### [What is expected]
Extract the lines beginning at the one that holds "S LE PLIAGE XTRA SHOULDER BAG Leather - Fir" and ending at the final line of the material below, keeping them exact and leaving out all pictures.

### [Supplied material]
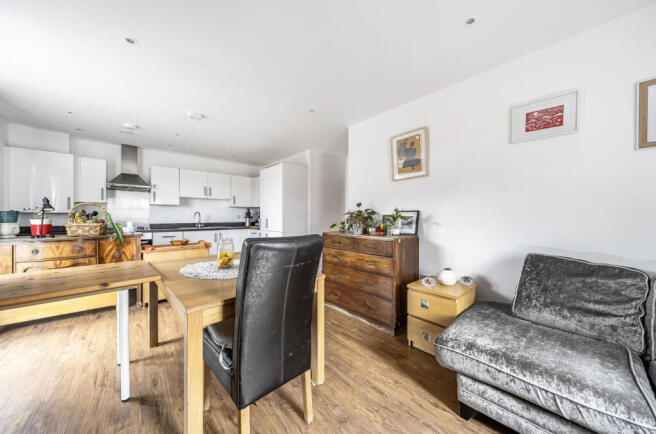 Kitchen/Living Room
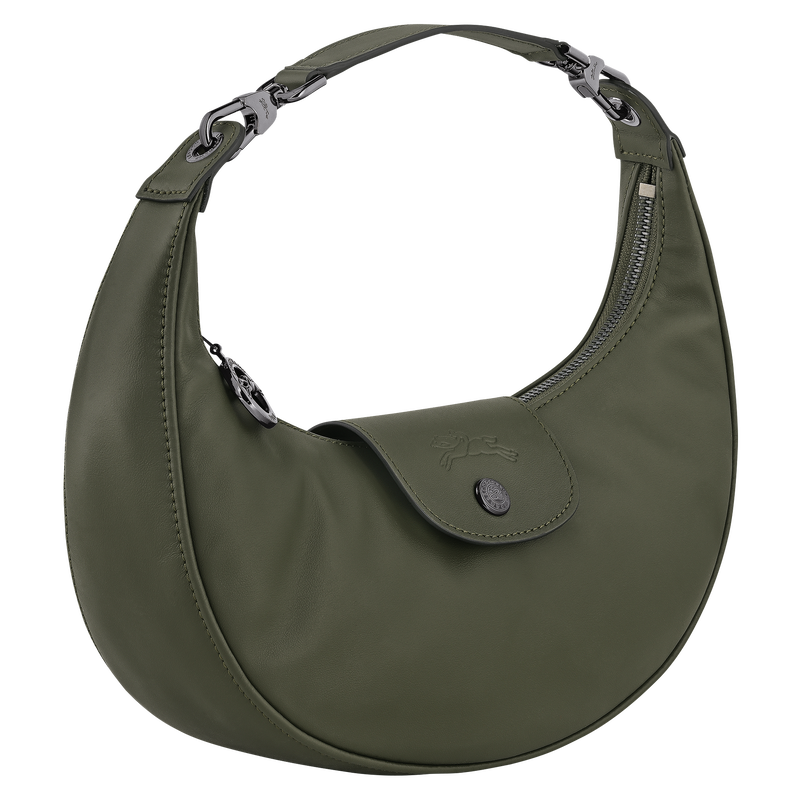 S LE PLIAGE XTRA SHOULDER BAG Leather - Fir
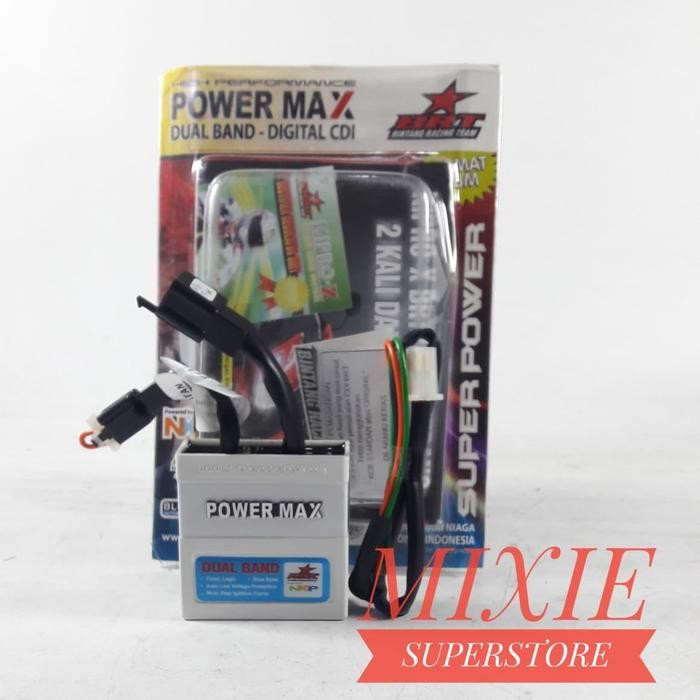 Cdi Brt Dual Band Karisma/Supra X 125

### [Result of the task]
 S LE PLIAGE XTRA SHOULDER BAG Leather - Fir
 Cdi Brt Dual Band Karisma/Supra X 125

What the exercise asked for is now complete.